[debate] is torture good or bad?
Alan Light
alanlight at yahoo.com
Fri May 1 18:21:06 UTC 2009
Rob Enderle wrote:
"I think, to address this, we must first define evil."
Personally, I define evil as anything that is harmful to life.
Of course, that still leaves much open to interpretation.
"If you watch 24, Jack the hero, often uses torture to save the country or the world. Consensus would appear to be that he is heroic, and the folks who argue he shouldn’t be allowed to torture (though this seems to be changing this season a bit) are portrayed as naïve or worse."
Yes, and that is a television show. I suppose we should also rely on on intelligent TransAms and Superheroes to fight crime.
"I would argue torture therefore is a tool and that it depends on whether the tool is used against you or violates something you believe that defines the related act as “evil” if there are enough that believe like you then the consensus will be whether, for this specific use or uses, it is evil or not."
Certainly you can establish a consensus that an evil act is not evil. That is quite common, even when the evil is ultimately to the detriment of those carrying it out and those supporting them.
"I would also argue that it may rarely be absolute because if someone you trust and believe in were to use it you are likely to define the use and the tool by the person and defend it suggesting in that use it wouldn’t be evil."
This is one reason why judges are expected to recuse themselves from cases in which they or someone they are close to is personally involved - relationships of trust do not necessarily make for good decisions, even if one intends to be fair.
"Now personally, I do view torture as evil because I believe it encourages abusive behavior and like any form of absolute power will corrupt the person using it."
I agree with you on this, but there is also a very good reason to believe that torture doesn't work and is counterproductive - especially that it produces blowback.
See this article for example: http://www.independent.co.uk/news/world/middle-east/torture-it-probably-killed-more-americans-than-911-1674396.html
According to Major "Matthew Alexander", an American interrogator in Iraq, the stories of abuse and torture at Abu Ghraib prison were the primary motivator that lead foreign fighters to volunteer as suicide bombers in Iraq.
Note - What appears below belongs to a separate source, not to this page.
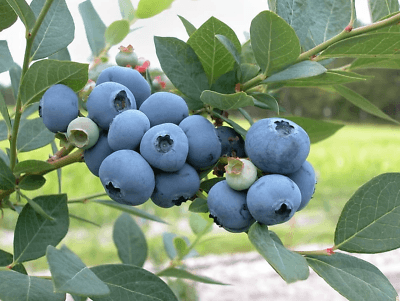 5 Jersey Northern Highbush Blueberry Bushes/Shrubs - 18-24" Tall - 3 Year Old Live Plants - The Nursery Center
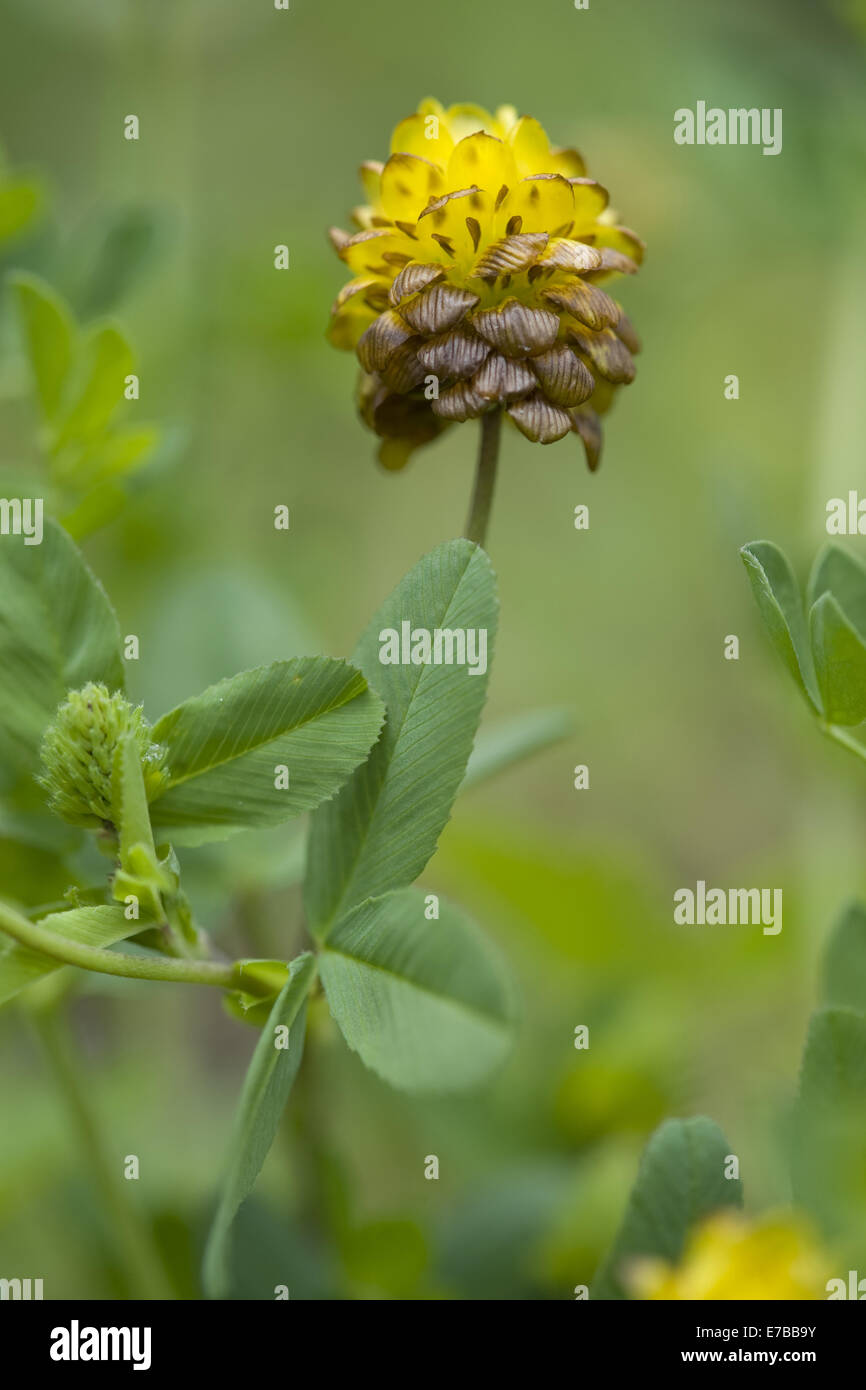 Yellow clover weed hires stock photography and images Alamy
The concept shouldn't be too difficult for Americans to understand - the American Revolution was won in large part due to reactions to British atrocities, most notably the policy of burning homes and what was known at the time as the Waxhaw Massacre. Blowback from the latter was soon evident when the "over mountain men", or the Tennessee Volunteers, reacted to the news with a battle/massacre of their own at Kings Mountain, and continued until at least 1815, when Andrew Jackson - who witnessed the results and was greatly assisted in establishing his career by one of the few survivors - repaid that debt again at New Orleans.
Bloody Tarleton was considered to be Cornwallis's greatest asset - and perhaps no one was more responsible than Tarleton for American independence. History should certainly make us reconsider the usefulness of torture and atrocities. It may frighten the enemy, but only to harden their resolve.
As Major Alexander says, "People will only tell you the minimum to make the pain stop. They might tell you the location of a house used by insurgents but not that it is booby-trapped."